The evolving bit is nothing new. ISDA documentation has always been modified as necessary to reflect market, legal and regulatory developments. What is unprecedented is the sheer volume and scope of change that the industry potentially faces from regulatory initiatives around the world. When all is said and done, it will probably be the most comprehensive set of changes since European monetary union, when ISDA’s innovative protocol approach to amending documentation was first utilized.

A reporter learns to identify the “who, what, when, where, why and how” of any potential story. That is also a useful framework for thinking about likely changes to ISDA documentation. Unfortunately, we only know the “who, how and why” at this point. ISDA (the “who”) expects to develop a standardized set of amendments, implemented to the extent possible through a protocol (the “how”), in order to allow derivatives users around the world to make necessary changes to comply with new regulatory requirements (the “why”).

What’s not known yet are the “where, what and when.” Agencies in the US are still working their way through the numerous rules required to implement provisions of the Dodd-Frank Act. The European Parliament must first enact changes to market infrastructure and then turn to consideration of changes to how derivatives are traded. As we recently wrote in derivatiViews, regulators in the Asia Pacific region are considering their approaches to clearinghouses and repositories. Regulators are focused on the G20’s 2009 declaration that changes should be in place by the end of 2012, but with little more than a year to go, the list of what remains to be done is a long one.

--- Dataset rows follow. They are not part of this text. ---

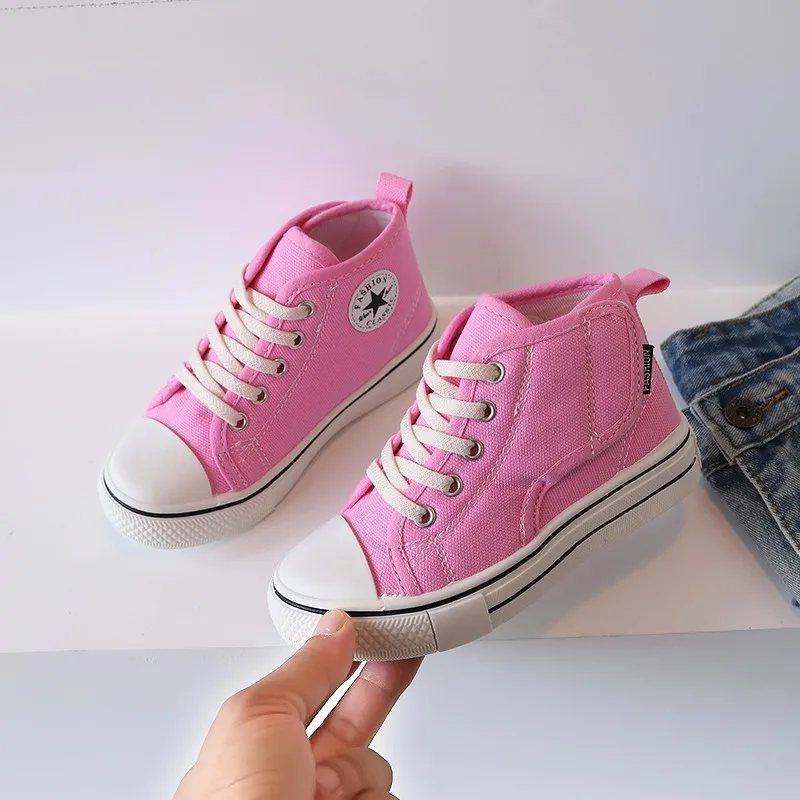 2024 New Baby Shoes Canvas High-help Toddler Kids Casual Shoes Soft Rubber Sole Fashion Little Boys Girls Sneakers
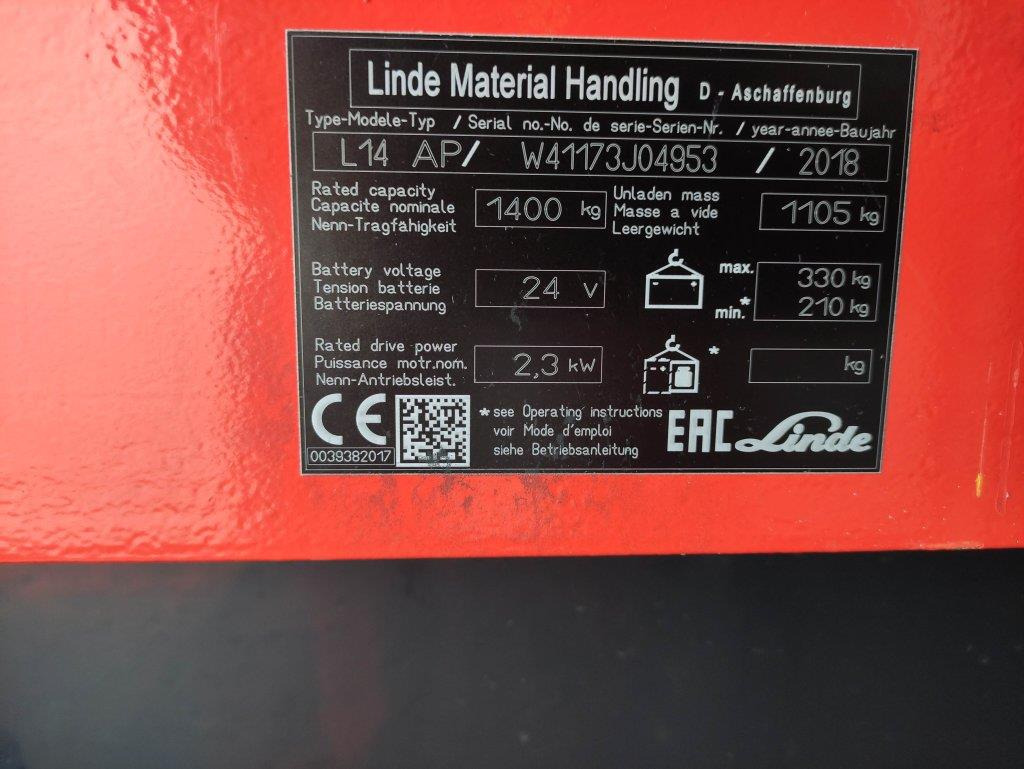 Linde L14-APi-1173 - Stacker: foto 5 Linde L14-APi-1173 - Stacker: foto 5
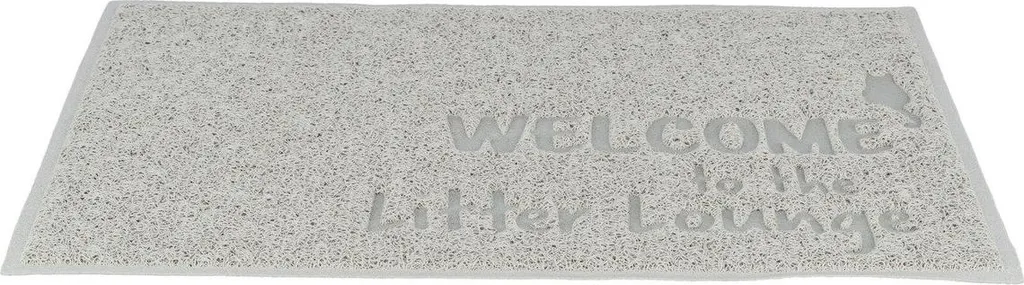 Tappetino per lettiera Trixie "Welcome to the litter lounge" grigio chiaro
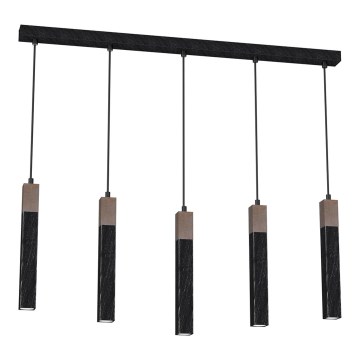 Ljusskrona med upphängningsrem  SOLO 5xGU10/MR11/40W/230V svart 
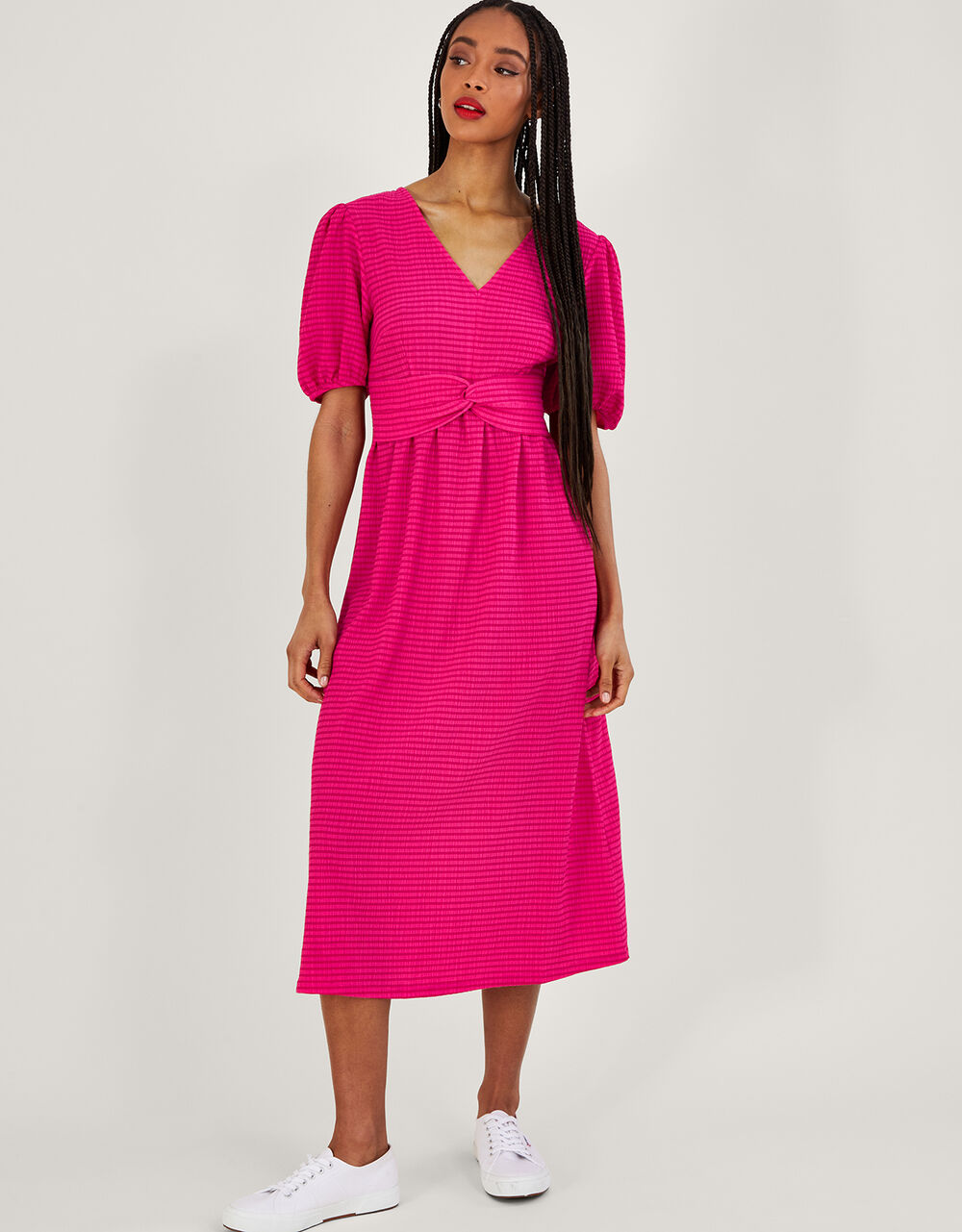Twist Detail Jersey Midi Dress Pink Work Dresses Monsoon UK.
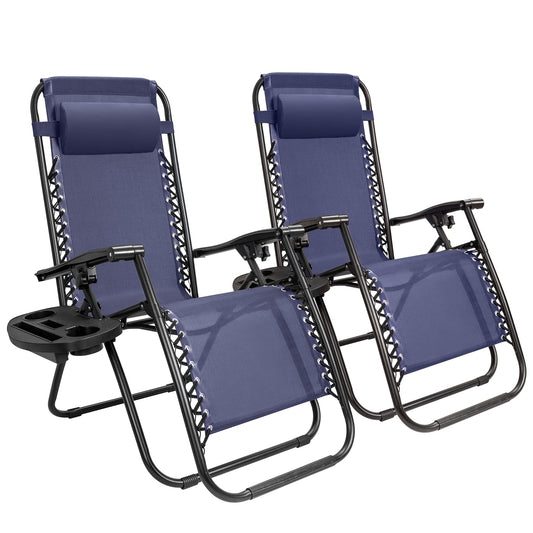 GUNJI Chaise Zero Gravity Chaises longues pliantes pour pelouse d'extérieur Lot de 2 chaises de terrasse inclinables réglables avec porte-gobelet Chaises de salon à gravité pour piscine, jardin, plage et camping (Bleu) Bleu
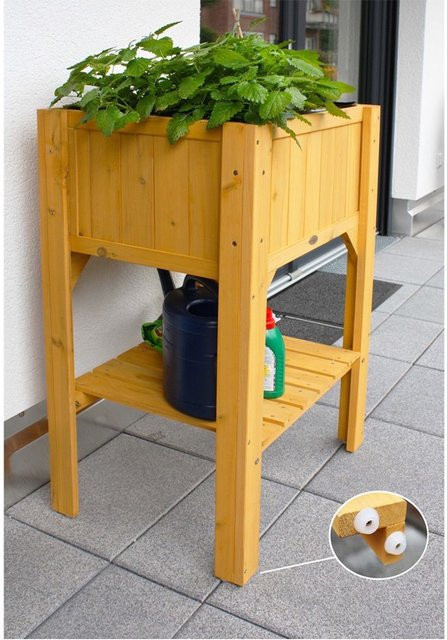 HABAU Hochbeet Kompakt aus Holz mit Ablage in Natur Braun B: 89 cm, T: 60 cm, H: 45 cm - Bild 1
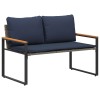 Pad párnával szürke és sötétkék 115 x 65 x 72 cm rattan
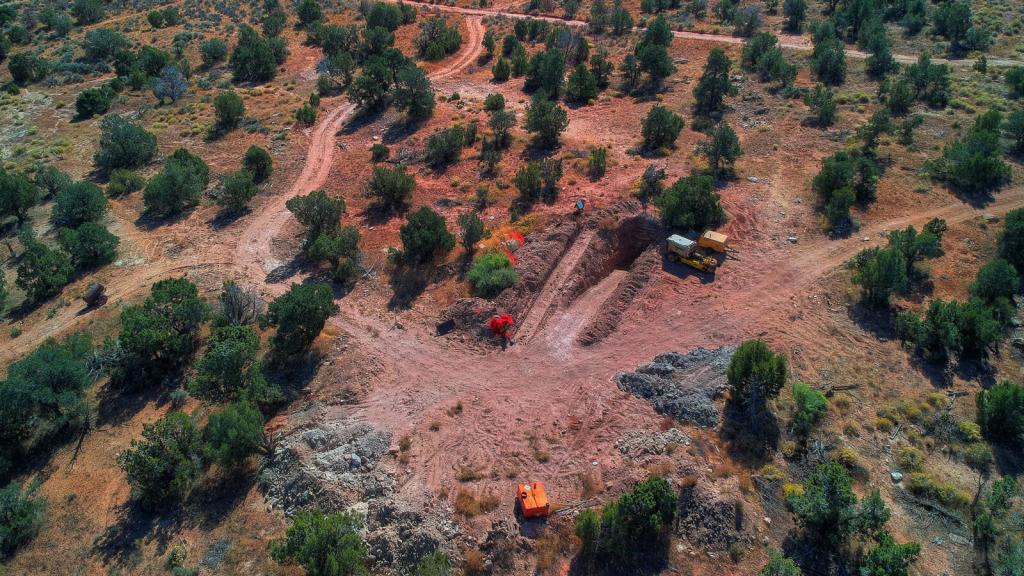 the view from high above a mine shaft on land that was part of Bears Ears National Monument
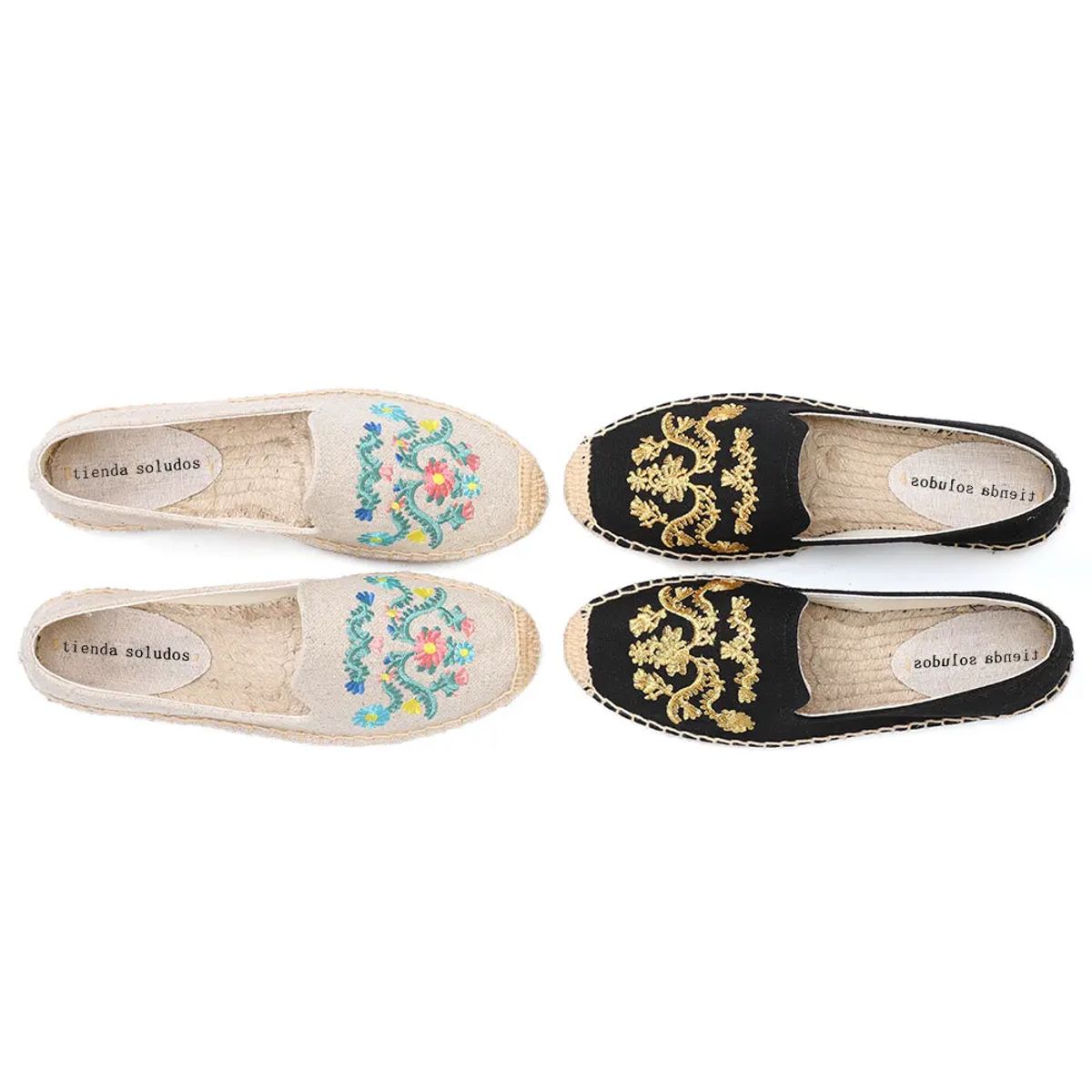 Embroidered Hemp Espadrille Flats with Floral Stitch Detailing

As greater clarity is provided, ISDA stands ready to make the necessary changes to its documents. One recent initiative, undertaken jointly with the Futures Industry Association, was to produce a standardized document to facilitate customer clearing. It’s the work product of a group that included a cross-section of both buy- and sell-side participants. Our effort in this area continues through a joint working group to develop additional features to make the process of clearing a trade as seamless as possible and enhance clearing clarity. And, of course, we will make appropriate adjustments to the document to reflect final rules regarding client clearing.

Despite the significant market input into that document, we find ourselves having to focus efforts on defending the terms of that document from regulatory uncertainty, primarily over a set of provisions that are completely optional, only to be included in the case of agreement by the parties. ISDA will comment on the recent CFTC release, particularly because the right of parties to choose the terms of their agreement is so important. The interactions at the July CFTC meeting at which the proposal was approved made it clear that this will be a topic of substantial debate, a debate we welcome.

Change is a constant in the financial world. One of ISDA’s successes has been its ability to adapt its documentation as change occurs, and we expect to continue that success in the months and years ahead. In the meantime, ISDA has already been in touch with its members about how we can ease the transition to the new regulatory environment that the industry faces, and we are eager to hear suggestions from readers on this issue.